╭─ Records

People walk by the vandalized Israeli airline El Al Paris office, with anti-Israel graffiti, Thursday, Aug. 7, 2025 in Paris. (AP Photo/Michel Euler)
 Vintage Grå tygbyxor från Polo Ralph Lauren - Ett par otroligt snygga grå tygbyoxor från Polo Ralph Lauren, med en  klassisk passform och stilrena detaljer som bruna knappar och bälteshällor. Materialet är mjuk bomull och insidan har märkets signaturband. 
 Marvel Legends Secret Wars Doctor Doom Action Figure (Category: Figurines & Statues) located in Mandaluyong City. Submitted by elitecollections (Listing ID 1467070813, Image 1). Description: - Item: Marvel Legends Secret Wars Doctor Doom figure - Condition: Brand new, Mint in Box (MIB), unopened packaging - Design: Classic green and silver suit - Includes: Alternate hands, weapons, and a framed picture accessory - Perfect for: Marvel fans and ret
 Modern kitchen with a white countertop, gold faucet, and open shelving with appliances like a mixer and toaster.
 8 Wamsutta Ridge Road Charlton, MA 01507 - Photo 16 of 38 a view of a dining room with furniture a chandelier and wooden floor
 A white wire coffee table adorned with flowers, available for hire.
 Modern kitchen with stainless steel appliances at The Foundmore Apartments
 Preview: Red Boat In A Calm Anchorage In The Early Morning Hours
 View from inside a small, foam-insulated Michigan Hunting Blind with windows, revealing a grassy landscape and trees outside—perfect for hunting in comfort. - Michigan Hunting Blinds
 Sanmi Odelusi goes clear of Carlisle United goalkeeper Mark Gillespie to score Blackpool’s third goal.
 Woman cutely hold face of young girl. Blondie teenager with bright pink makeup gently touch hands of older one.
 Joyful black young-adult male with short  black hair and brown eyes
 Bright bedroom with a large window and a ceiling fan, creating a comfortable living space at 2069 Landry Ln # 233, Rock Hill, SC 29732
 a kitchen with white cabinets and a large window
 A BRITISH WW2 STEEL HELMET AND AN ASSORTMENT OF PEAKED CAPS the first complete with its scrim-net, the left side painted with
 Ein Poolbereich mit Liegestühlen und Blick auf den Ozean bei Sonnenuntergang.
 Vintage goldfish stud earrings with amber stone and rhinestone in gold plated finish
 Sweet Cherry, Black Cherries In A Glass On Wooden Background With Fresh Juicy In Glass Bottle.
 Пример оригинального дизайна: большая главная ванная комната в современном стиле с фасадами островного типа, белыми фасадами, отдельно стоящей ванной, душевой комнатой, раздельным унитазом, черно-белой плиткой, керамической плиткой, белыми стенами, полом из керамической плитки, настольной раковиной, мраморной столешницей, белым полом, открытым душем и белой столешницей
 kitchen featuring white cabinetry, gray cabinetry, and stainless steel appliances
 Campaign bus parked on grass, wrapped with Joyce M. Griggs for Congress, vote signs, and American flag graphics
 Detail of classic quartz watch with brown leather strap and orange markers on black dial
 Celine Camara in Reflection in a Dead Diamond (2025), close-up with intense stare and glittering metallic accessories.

╰─

Problem
The entries above must be repeated word for word.

Worked solution
People walk by the vandalized Israeli airline El Al Paris office, with anti-Israel graffiti, Thursday, Aug. 7, 2025 in Paris. (AP Photo/Michel Euler)
 Vintage Grå tygbyxor från Polo Ralph Lauren - Ett par otroligt snygga grå tygbyoxor från Polo Ralph Lauren, med en  klassisk passform och stilrena detaljer som bruna knappar och bälteshällor. Materialet är mjuk bomull och insidan har märkets signaturband. 
 Marvel Legends Secret Wars Doctor Doom Action Figure (Category: Figurines & Statues) located in Mandaluyong City. Submitted by elitecollections (Listing ID 1467070813, Image 1). Description: - Item: Marvel Legends Secret Wars Doctor Doom figure - Condition: Brand new, Mint in Box (MIB), unopened packaging - Design: Classic green and silver suit - Includes: Alternate hands, weapons, and a framed picture accessory - Perfect for: Marvel fans and ret
 Modern kitchen with a white countertop, gold faucet, and open shelving with appliances like a mixer and toaster.
 8 Wamsutta Ridge Road Charlton, MA 01507 - Photo 16 of 38 a view of a dining room with furniture a chandelier and wooden floor
 A white wire coffee table adorned with flowers, available for hire.
 Modern kitchen with stainless steel appliances at The Foundmore Apartments
 Preview: Red Boat In A Calm Anchorage In The Early Morning Hours
 View from inside a small, foam-insulated Michigan Hunting Blind with windows, revealing a grassy landscape and trees outside—perfect for hunting in comfort. - Michigan Hunting Blinds
 Sanmi Odelusi goes clear of Carlisle United goalkeeper Mark Gillespie to score Blackpool’s third goal.
 Woman cutely hold face of young girl. Blondie teenager with bright pink makeup gently touch hands of older one.
 Joyful black young-adult male with short  black hair and brown eyes
 Bright bedroom with a large window and a ceiling fan, creating a comfortable living space at 2069 Landry Ln # 233, Rock Hill, SC 29732
 a kitchen with white cabinets and a large window
 A BRITISH WW2 STEEL HELMET AND AN ASSORTMENT OF PEAKED CAPS the first complete with its scrim-net, the left side painted with
 Ein Poolbereich mit Liegestühlen und Blick auf den Ozean bei Sonnenuntergang.
 Vintage goldfish stud earrings with amber stone and rhinestone in gold plated finish
 Sweet Cherry, Black Cherries In A Glass On Wooden Background With Fresh Juicy In Glass Bottle.
 Пример оригинального дизайна: большая главная ванная комната в современном стиле с фасадами островного типа, белыми фасадами, отдельно стоящей ванной, душевой комнатой, раздельным унитазом, черно-белой плиткой, керамической плиткой, белыми стенами, полом из керамической плитки, настольной раковиной, мраморной столешницей, белым полом, открытым душем и белой столешницей
 kitchen featuring white cabinetry, gray cabinetry, and stainless steel appliances
 Campaign bus parked on grass, wrapped with Joyce M. Griggs for Congress, vote signs, and American flag graphics
 Detail of classic quartz watch with brown leather strap and orange markers on black dial
 Celine Camara in Reflection in a Dead Diamond (2025), close-up with intense stare and glittering metallic accessories.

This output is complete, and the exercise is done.